Stoat loose on pest-free Motukorea-Browns Island still free after two months

Stoats can be devastating for native species.
Stoats can be devastating for native species. Photo credit: File.

Sarah Robson for RNZ

A wily stoat on the loose on one of Auckland's pest-free islands has managed to evade capture for more than two months.

The stoat was first detected on Motukorea/Browns Island by a conservation dog in mid-March, just before the COVID-19 lockdown. Teams also spotted footprints in the sand, found stoat poo and discovered where the stoat had been hiding its kills.

Since then, dozens of traps and cameras have been set up, but the stoat has proved elusive.

Human visitors get to the island by boat, yacht or kayak - and because it's so close to the mainland, it's a popular spot for daytrippers.

Auckland Council park ranger Miranda Bennett did not think the wily stoat hitched a ride to the island with one of them, however.

"We're pretty sure it swam here, it's unlikely to have transported on a boat because they're quite shy of people," she said.

"They are good swimmers, we know that. It's only just under 1.5 kilometres from Musick Point, so it's probably come from somewhere Howick sort of way."

Bennett said the stoat has been dining out on rock pigeons, with the island's high cliffs not proving much of a deterrent for the hungry mustelid.

"They're just the ultimate predator, nothing really stops them," Bennett said.


With so many native birds on the island, including New Zealand dotterels and the critically endangered shore plover, Bennett said it was important they caught the stoat before it changes its tastes.

Traps have been set all over the island.
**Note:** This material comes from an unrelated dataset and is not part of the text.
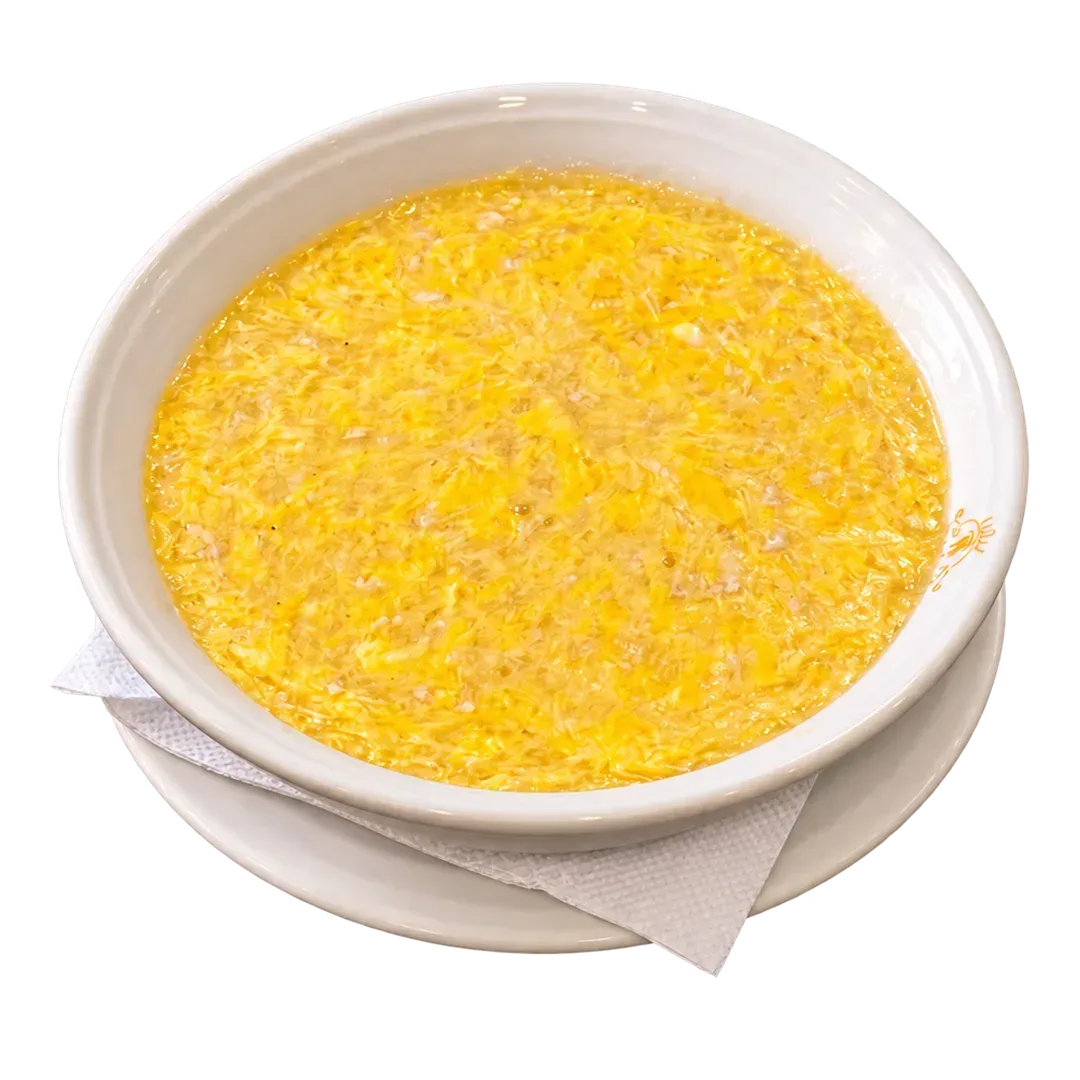 Chicken Corn Soup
As well as bait, there's an ink pad in each trap to pick up any footprints from whatever has been inside.

"So far our stoat hasn't left us any footprints, but they're very clever. We do know from research that they will reach across an ink pad and grab the bait and manage to get out without leaving a footprint so our one so far has been sneaky, which is really frustrating," Bennett said.
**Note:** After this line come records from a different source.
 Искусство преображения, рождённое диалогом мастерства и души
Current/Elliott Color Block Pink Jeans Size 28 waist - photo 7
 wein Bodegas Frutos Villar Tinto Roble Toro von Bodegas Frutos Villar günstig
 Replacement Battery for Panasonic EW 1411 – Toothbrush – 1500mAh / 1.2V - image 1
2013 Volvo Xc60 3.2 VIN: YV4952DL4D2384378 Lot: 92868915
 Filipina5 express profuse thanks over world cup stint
They've been experimenting with different types of bait that might be more to the stoat's tastes - rabbit, whole egg mayonnaise, dead weasels.

"We're trying to think like a stoat really, what might intrigue it and make it want to go inside one of these tunnels or one of our traps. We gave chicken sausages a go, but that went off pretty quick, so that wasn't quite so good," Bennett said.

The cameras trained on the nine traps had not spotted anything either, but they did pick up something else - people who should not have been there.

"Some of the people appeared to be going for a walk, probably going up to the summit for the views, other people seemed to be here for a picnic, a few wines on the beach in the evening. Someone was here at 1am, we're not quite sure what they were doing on the island."

Conservation dogs have also been called in to help with the search - Lois Clayton and 12-year-old border terrier cross Gecko scoured the 60-hectare island for any sign of the stoat.

"She's a sniffer dog so her job is to find any scent of the animal, whether it be where the animal's walked, where it's had a pee or a poo, where it's had a kill, or where it's hunkered down in a burrow or tree," Clayton said.

Gecko's highly trained nose did pick up a scent during her hours of searching, but it appeared the Motukorea/Browns Island stoat had got away again.